Hi,
On 2024-06-14 12:27:12 -0400, Tom Lane wrote:
> Andres Freund <andres@anarazel.de> writes:
> > Initializing the gss cache at all isn't so much the problem. It's that we do
> > it for every connection. And that doing so requires locking inside gss. So
> > maybe we could just globally cache that gss isn't available, instead of
> > rediscovering it over and over for every new connection.
>
> I had the impression that krb5 already had such a cache internally.
Well, if so, it clearly doesn't seem to work very well, given that it causes
contention at ~15k lookups/sec. That's obviously a trivial number for anything
cached, even with the worst possible locking regimen.
> Maybe they don't cache the "failed" state though. I doubt we'd
> want to either in long-lived processes --- what if the user
> installs the credential while we're running?

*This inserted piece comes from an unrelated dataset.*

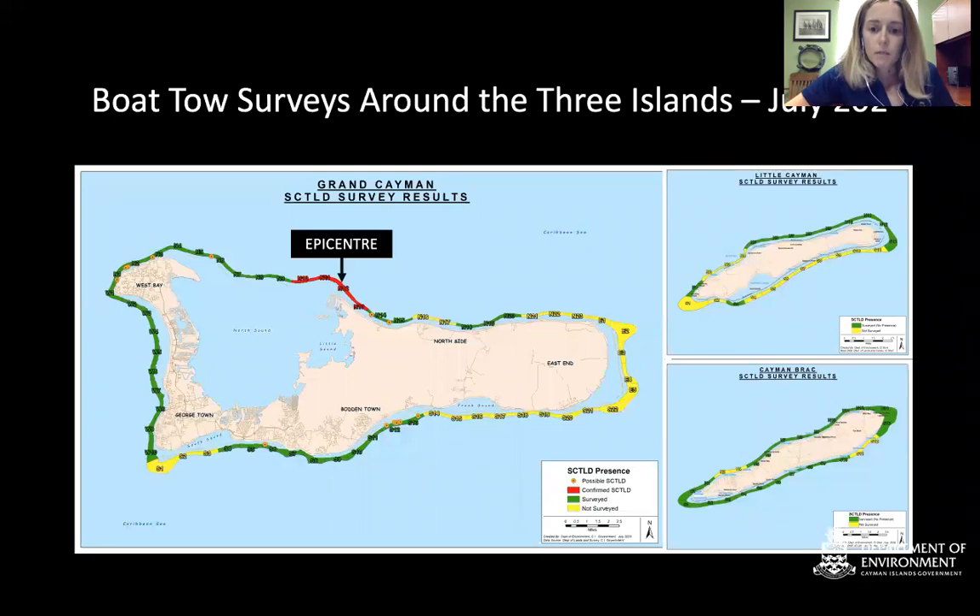It took around a month for us to establish that the disease was in a four-mile area of Grand Cayman. We then surveyed almost the entire three islands, with dive companies helping to check remaining areas for large white lesions. After doing that, we were confident that the only area with SCTLD was on the north of Grand Cayman, demonstrating that linear progression once the disease arrives and establishes itself — it spreads in any direction on the reef.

If we can come up with something better - cool. But it doesn't seem great that
gss introduces contention for the vast majority of folks that use libpq in
environments that never use gss.
I don't think we should cache the set of credentials when gss is actually
available on a process-wide basis, just the fact that gss isn't available at
all. I think it's very unlikely for that fact to change while an application
is running. And if it happens, requiring a restart in those cases seems an
acceptable price to pay for what is effectively a niche feature.